(RECORDS FOR PROCESSING Opens)
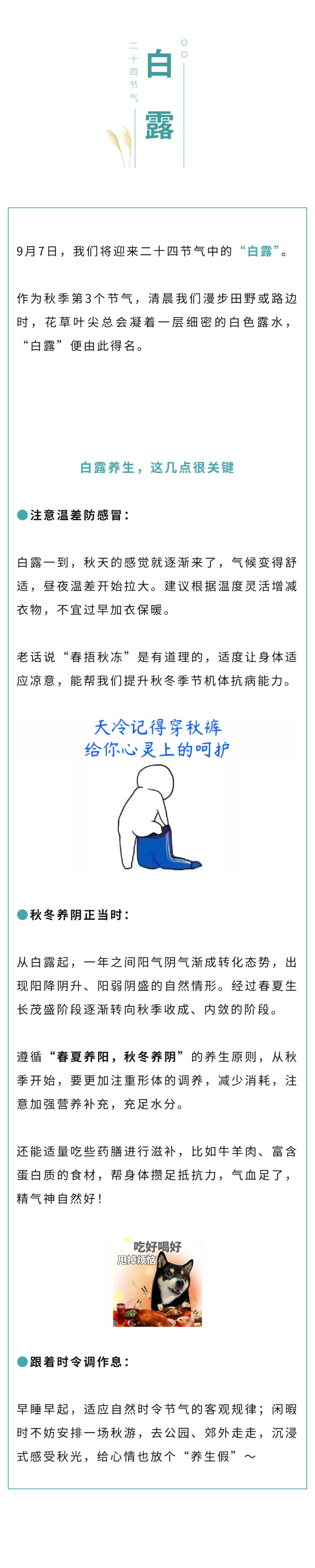 中医  白露来了：怎么养出秋冬抵抗力？.jpg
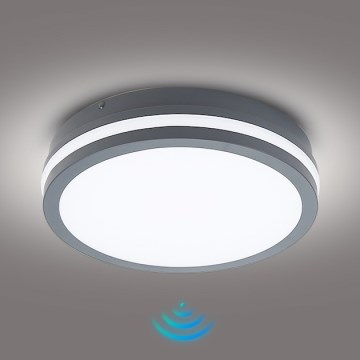 Brilagi - LED spoljašnja svetiljka sa senzorom BENE LED/24W/230V prečnik 26 cm antracit IP54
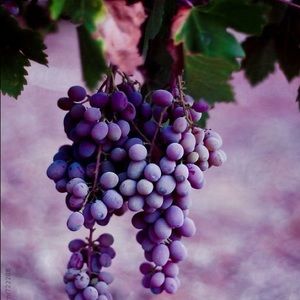 Meet your Posher, Grape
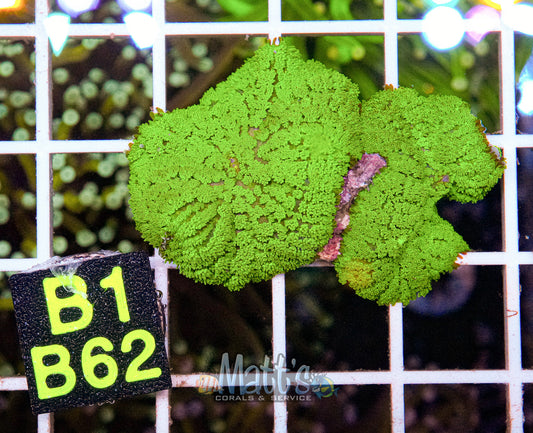 Green Rhodactis Mini Colony“WYSIWYG”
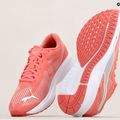 PUMA Aviator Profoam Sky 12 futócipő rózsaszín 376615 12 15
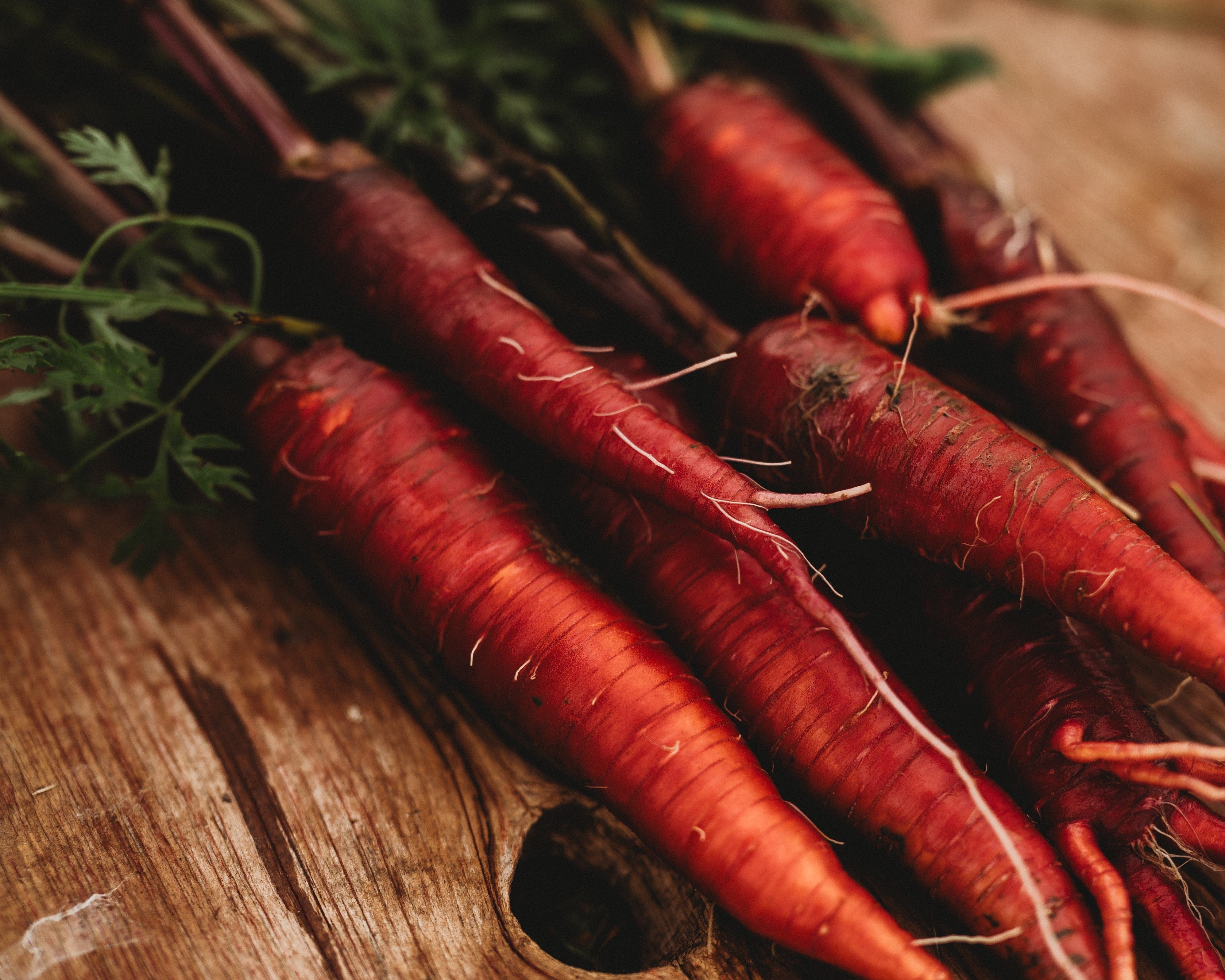 Dragon Carrot - Thresh Seed Co.
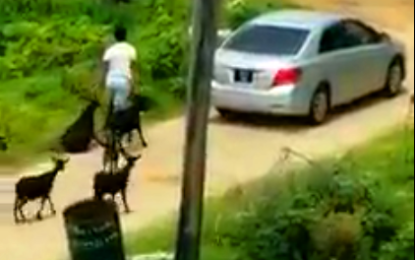 Thieves caught on camera using car to steal goats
(RECORDS FOR PROCESSING Closes)
### ACTIVITY:
Leave every picture out and retype exactly the lines of the records above from the one holding "Brilagi - LED" through the last, both ends included and nothing besides.

### TASK SOLUTION:
 Brilagi - LED spoljašnja svetiljka sa senzorom BENE LED/24W/230V prečnik 26 cm antracit IP54
 Meet your Posher, Grape
 Green Rhodactis Mini Colony“WYSIWYG”
 PUMA Aviator Profoam Sky 12 futócipő rózsaszín 376615 12 15
 Dragon Carrot - Thresh Seed Co.
 Thieves caught on camera using car to steal goats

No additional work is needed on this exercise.